All of the data that follows is to be printed exactly, without pictures.

# [Information provided]
+ + + +
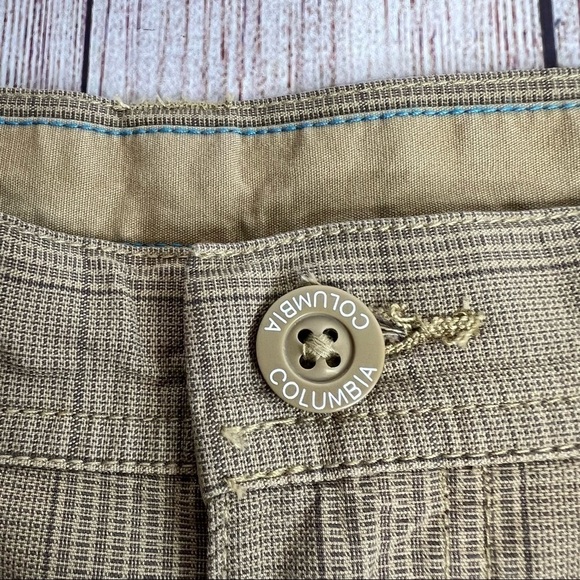 Columbia Omni Shade Shorts 38 NWT - Picture 3 of 6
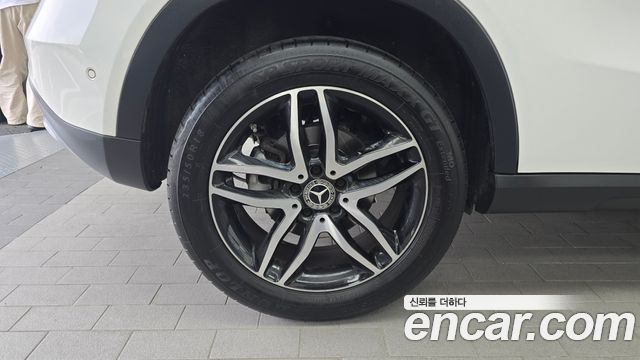 Mercedes-Benz GLA-Class 2019 — photo 5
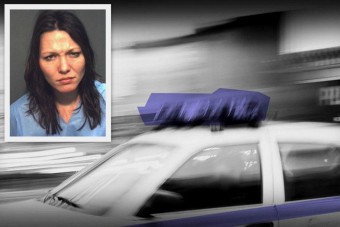 Meztelen nő rongálta meg a luxusautót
+ + + +
# [Solution to this task]
 Columbia Omni Shade Shorts 38 NWT - Picture 3 of 6
 Mercedes-Benz GLA-Class 2019 — photo 5
 Meztelen nő rongálta meg a luxusautót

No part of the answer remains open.